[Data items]
--
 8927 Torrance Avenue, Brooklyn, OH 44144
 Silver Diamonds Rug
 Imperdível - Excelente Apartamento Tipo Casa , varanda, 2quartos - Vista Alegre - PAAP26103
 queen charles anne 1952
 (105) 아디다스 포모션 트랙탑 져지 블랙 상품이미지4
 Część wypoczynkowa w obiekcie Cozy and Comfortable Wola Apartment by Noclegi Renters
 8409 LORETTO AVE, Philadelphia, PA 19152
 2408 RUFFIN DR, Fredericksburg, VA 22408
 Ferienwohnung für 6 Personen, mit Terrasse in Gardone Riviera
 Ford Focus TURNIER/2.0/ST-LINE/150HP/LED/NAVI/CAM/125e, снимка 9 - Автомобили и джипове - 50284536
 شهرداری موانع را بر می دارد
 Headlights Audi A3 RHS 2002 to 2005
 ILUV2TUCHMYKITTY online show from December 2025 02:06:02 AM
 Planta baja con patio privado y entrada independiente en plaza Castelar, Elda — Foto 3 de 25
--
#### Task:
When you answer, repeat every record exactly, omitting nothing.

#### Result of the task:
 8927 Torrance Avenue, Brooklyn, OH 44144
 Silver Diamonds Rug
 Imperdível - Excelente Apartamento Tipo Casa , varanda, 2quartos - Vista Alegre - PAAP26103
 queen charles anne 1952
 (105) 아디다스 포모션 트랙탑 져지 블랙 상품이미지4
 Część wypoczynkowa w obiekcie Cozy and Comfortable Wola Apartment by Noclegi Renters
 8409 LORETTO AVE, Philadelphia, PA 19152
 2408 RUFFIN DR, Fredericksburg, VA 22408
 Ferienwohnung für 6 Personen, mit Terrasse in Gardone Riviera
 Ford Focus TURNIER/2.0/ST-LINE/150HP/LED/NAVI/CAM/125e, снимка 9 - Автомобили и джипове - 50284536
 شهرداری موانع را بر می دارد
 Headlights Audi A3 RHS 2002 to 2005
 ILUV2TUCHMYKITTY online show from December 2025 02:06:02 AM
 Planta baja con patio privado y entrada independiente en plaza Castelar, Elda — Foto 3 de 25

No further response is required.